* _Exercise_:
Make an exact copy of the records, leaving out the images.

[Image-text web data]
• • • •

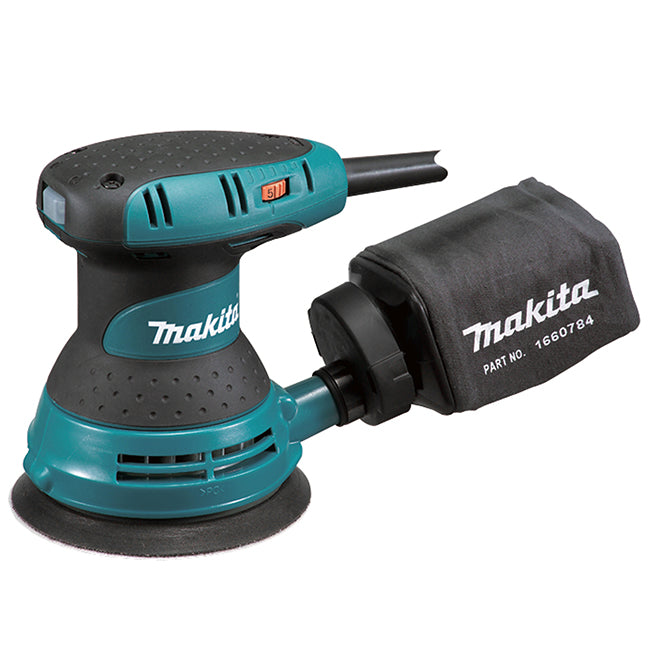 MAKITA - 5" RANDOM ORBIT SANDER W/CASE - BO5031K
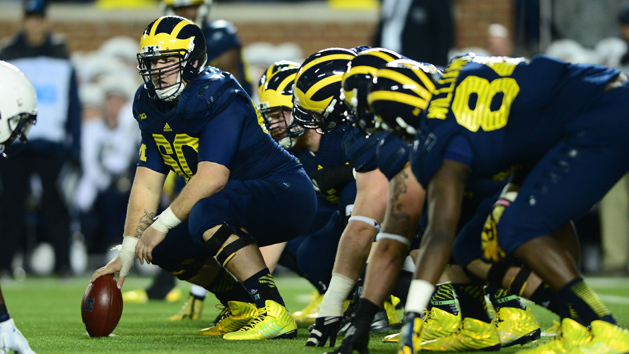 NCAA Football: Penn State at Michigan
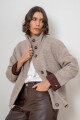 Campera gales Visón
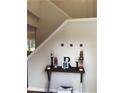 Inviting foyer with decorative console table and accents enhancing the welcoming atmosphere at 2546 Tullamore Cir, Snellville, GA 30039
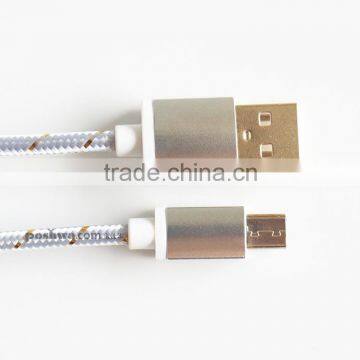 Both ends micro usb cable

• • • •

* _Solution for this task_:
 MAKITA - 5" RANDOM ORBIT SANDER W/CASE - BO5031K
 NCAA Football: Penn State at Michigan
 Campera gales Visón
 Inviting foyer with decorative console table and accents enhancing the welcoming atmosphere at 2546 Tullamore Cir, Snellville, GA 30039
 Both ends micro usb cable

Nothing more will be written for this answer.